The current American Joint Committee on Cancer (AJCC) classification system for non‐melanoma skin cancers poses a challenge to clinicians and researchers alike.3 While it provides a framework for classifying and treating these cancers, it often lacks specificity, especially when it comes to the subtypes and variations of cSCC that occur in clinical practice. Factors such as tumor size, tumor thickness (in mm), depth of invasion, degree of differentiation, desmoplasia, and perineural infiltration are known to influence prognosis. Still, the existing AJCC classification system does not adequately capture these factors.
We are therefore interested in the value of prognostic factors, especially the occurrence of local recurrence and locoregional metastasis, as indicators of death in patients with cSCC. In addition, we would like to consider known risk factors for metastasis more thoroughly in terms of their validity in relation to tumor‐specific death.
PATIENTS AND METHODS
The present study is based on the same prospectively investigated 1,400 patients that we described in detail in our previous publication.4 Only tumors treated for the first time in our department were evaluated. Tumors that were already advanced at the time of initial diagnosis were excluded. Many patients later developed another, prognostically less favorable cSCC at another site, with 11 additional, clearly distinguishable cSCC‐specific deaths.
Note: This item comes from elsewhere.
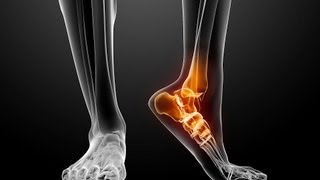 Plantar Fasciitis Heel Pain Exercises Pakvim Net Hd Vdieos Portal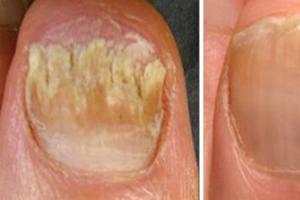 Основные причины болезней ногтей на руках, их лечение и профилактические меры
The progression of each tumor was tracked prospectively using a follow‐up system based on the following data sources: High‐risk patients were followed up at the center in accordance with the applicable guidelines. If a face‐to‐face visit was not possible, a prepaid, regular follow‐up questionnaire was sent for completion by either the general practitioner or the patient, inquiring about the course and outcome of the disease.
In addition, the database of the interdisciplinary Comprehensive Cancer Center (CCC) of the University of Tübingen, which contained follow‐up data from other medical institutions and the death register of the state of Baden‐Württemberg, was synchronized with our data.
The initial diagnosis of cSCC was made clinically and/or histologically. Clinical examinations and an ultrasound of the regional lymph nodes were performed. The tumors (median diameter 16 mm [2.00–180 mm]) were treated surgically under local tumescent anesthesia and subsequently underwent complete three‐dimensional margins‐control (3D histology) with embedding in paraffin, hematoxylin‐eosin staining and accelerated fixation at 60°Celsius, so that the result was available within 24 hours.5, 6, 7 This method has proven to be highly sensitive in detecting tumor extension in epithelial tumors without increasing the effort.8, 9 For tumor‐positive margins, R0 resection was performed whenever possible, even in bone with histological control. If the tumor progressed, surgical treatments were continued until R0 was reached or a surgically incurable R1 condition developed. In the latter case, or if surgical incurability was present from the outset, radiotherapy or chemotherapy was carried out individually. Effective immunotherapies were not yet used at that time.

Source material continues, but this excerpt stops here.